But for simulationist play, it has a logic. Fir example, a bodyguard sees a concealed enemy weapon pointed, so acts first, then the gun fires ,but is the bodyguard's dive faster than a speeding bullet, hence,,iit resolves late on 6.
Yeah I can see the simulationist logic. But unfortunately the logic was trumped by the grinding slowness of it all, combined by the simulation not covering the laws of physics, and there being 3 combat 'speed' stats, not just (1) how quick you are to react to threats and decide what to do and (2) how nimble you are to get the doing done. They had:
  • Base Action Phase (derived from your Speed "attribute saving throw", which in turn is derived from your Speed stat... ). This is the moment when in the initiative order you declare (and roll to hit??? can't remember)
  • Maximum Number of Actions (derived from your Deftness "group", which is derived from your Deftness stat)
  • Phases Consumed in Action (= Base Action Phase divided by Maximum Number of Actions).
For instance in one fight a bad guy appears in a doorway and fires at the PCs. In initiative 'start to act' order...
  1. Martin fires a shotgun at him.
  2. Sandra runs out another door, intending to circle round and attack the bad guy from behind.
  3. Jane throws a spear at him.
  4. Allan charges at him with a knife.
Then due to the delay between starting an action and resolving the action...
  1. Allan arrives in the doorway and stabs the bad guy, wounding him.
  2. Jane's spear arrives in the doorway. Unfortunately Allan is now in front of the NPC, so he gets a spear in the back. He takes damage and falls over.
  3. Allan falling over is a sort of a good thing, because Martin's shotgun blast now passes through the doorway. IIRC the bad guy was still on his feet, so the shotgun hit him.
Thus Allan's character was technically faster than a speeding bullet shotgun blast, as was Jane's hurled spear. To avoid cock-ups like this, each player had to remember not only when their own actions would resolve, but when all the other players' actions resolved too. Which got very meta, very fast.

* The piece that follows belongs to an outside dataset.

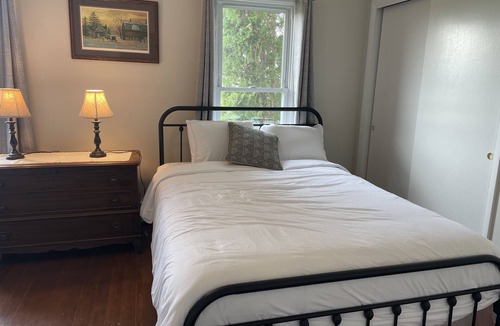 Romulus House | Newly Renovated Farmhouse Finger Lakes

Sandra, meanwhile, had 3 hours of real time with nothing to do, because it would take about 3 rounds to get behind the bad guys with her movement rate, and the combat the others were doing was excruciatingly sloooooooow to play thru.

We gave up on the Aftermath system shortly after this fight! :)

A much, much better version of trying to simulate what Aftermath was attempting was the Twilight 2013 initiative system. In that one everything resolved on the phase you went on. But what you were doing determined when you got to go again. For instance, say Martin goes on 1:
  • If he just blasts without thinking, it takes 2 phases (1 & 2) and he goes again on 3.
  • If he aims and shoots. That uses more phases, so he goes again on 4.
  • If he throws himself into cover, aims and shoots, it eats up more phases, so he goes again on 6.
Aftermath was just full of bonkers stuff. Like you worked out your skills in chargen and you'd get a number between 0 and 100. So roll percentile dice, right? Nope. Divide all your skills by 5 and roll a d20.
 

Darran

Level 7 Blingmaster
#20
I always liked how Firefly RPG and other Cortex+ games did initiative.
The first player to go chooses who goes next. It could be another player or the GM’s NPC instead.
It just moved so much quicker.

Of course for me I was so used to the RuneQuest way of initiative where it started with the Players stating their intention per round.
The statement of intent was mechanically just for sorting out what the players did during combat but it does open it up for more narrative actions that go beyond the scope of normal combat actions.